■ **Data block**

++++++++++++++++++++

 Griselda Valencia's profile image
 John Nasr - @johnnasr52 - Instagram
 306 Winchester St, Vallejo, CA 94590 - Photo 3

++++++++++++++++++++

■ **Task requirements**
Transcribe the listing in full, line by line.

■ **Result**
 Griselda Valencia's profile image
 John Nasr - @johnnasr52 - Instagram
 306 Winchester St, Vallejo, CA 94590 - Photo 3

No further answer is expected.